HPLC was conducted on a Waters liquid chromatograph equipped with a 1525 binary pump and a 2996 photodiode array detector (Waters Corporation, Milford, MA, USA). A Waters Symmetry C18 column (150 × 3.9 mm; 5 μm) was used for the separation and analysis of ergosterol and its esters. The mobile phase consisted of solvent A (methanol: water, 80: 20, v/v) and solvent B (methanol: dichloromethane, 75: 25, v/v). The following gradient procedure was used: 50% of B for 5 min; a linear gradient from 50 to 90% of B for 10 min; and 90% of B for 10 min. The flow rate was set at 1.0 mL/min. The detection wavelength of the PDA detector was set between 240 and 340 nm. Ergosterol and ergosterol esters were detected at a wavelength of 280 nm and quantitated by comparing the values of their peak area with the ergosterol standard (Yuan et al. 2006, 2007a, b, 2008). Aliquots of 20 μL were directly injected into the HPLC by manual injector. All injections were repeated three times.
Statistical analysis
All experiments were repeated at least three times, and the data were expressed as the mean values with standard error of the mean of three replicates on the dry weight basis.

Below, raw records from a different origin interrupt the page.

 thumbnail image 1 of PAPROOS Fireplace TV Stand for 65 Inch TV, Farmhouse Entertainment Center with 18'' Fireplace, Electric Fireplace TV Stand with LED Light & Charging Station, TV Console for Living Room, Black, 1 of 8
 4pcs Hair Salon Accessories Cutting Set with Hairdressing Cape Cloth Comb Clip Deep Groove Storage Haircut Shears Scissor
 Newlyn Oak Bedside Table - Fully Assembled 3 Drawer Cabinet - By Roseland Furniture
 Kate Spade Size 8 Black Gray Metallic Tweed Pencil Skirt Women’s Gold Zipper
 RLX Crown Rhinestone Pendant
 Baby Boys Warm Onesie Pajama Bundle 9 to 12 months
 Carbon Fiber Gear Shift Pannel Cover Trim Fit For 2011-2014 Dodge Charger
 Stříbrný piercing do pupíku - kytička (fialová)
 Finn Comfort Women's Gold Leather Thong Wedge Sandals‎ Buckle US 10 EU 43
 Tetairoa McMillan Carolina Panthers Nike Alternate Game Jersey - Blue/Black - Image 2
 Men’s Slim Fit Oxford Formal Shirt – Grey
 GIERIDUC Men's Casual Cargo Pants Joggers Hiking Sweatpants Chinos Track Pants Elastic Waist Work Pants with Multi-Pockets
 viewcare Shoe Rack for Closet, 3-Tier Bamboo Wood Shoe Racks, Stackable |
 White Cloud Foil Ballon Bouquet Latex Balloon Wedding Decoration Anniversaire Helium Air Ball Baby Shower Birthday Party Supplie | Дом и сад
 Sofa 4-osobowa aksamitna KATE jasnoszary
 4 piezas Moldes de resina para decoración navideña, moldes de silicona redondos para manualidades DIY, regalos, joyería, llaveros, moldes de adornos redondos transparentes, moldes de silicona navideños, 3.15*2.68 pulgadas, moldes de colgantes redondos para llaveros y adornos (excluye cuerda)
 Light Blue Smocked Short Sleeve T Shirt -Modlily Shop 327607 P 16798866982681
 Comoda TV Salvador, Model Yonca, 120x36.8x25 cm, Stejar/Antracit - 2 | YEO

The one-way analysis of variance (ANOVA) was carried out by using the Microsoft Excel 2016 software (Microsoft, Redmond, WA, USA).
Results
Identification of fungal isolates
Fifty-nine strains of fungi were isolated from Qi’Ao Island mangrove soil. Genomic DNA was extracted and ITS region was amplified and sequenced. The obtained results were compared with those in the GenBank database, and the results are shown in Table 1. Consensus sequence data of the fungi were submitted to the GenBank database, and the GenBank accession numbers are also shown in Table 1. The results indicated that the identified fungal strain belonged to 13 genera as follows: Penicillium (17 strains), Fusarium (16 strains), Nectria (10 strains), Trichoderma (4 strains), Gliocephalotrichum (3 strains), Hypocrea (2 strains), Aspergillus (1 strain), Pseudallescheria (1 strain), Schwanniomyces (1 strain), Geotrichum (1 strain), Cylindrocladiella (1 strain), Xylogone (1 strain), and Xenoacremonium (1 strain).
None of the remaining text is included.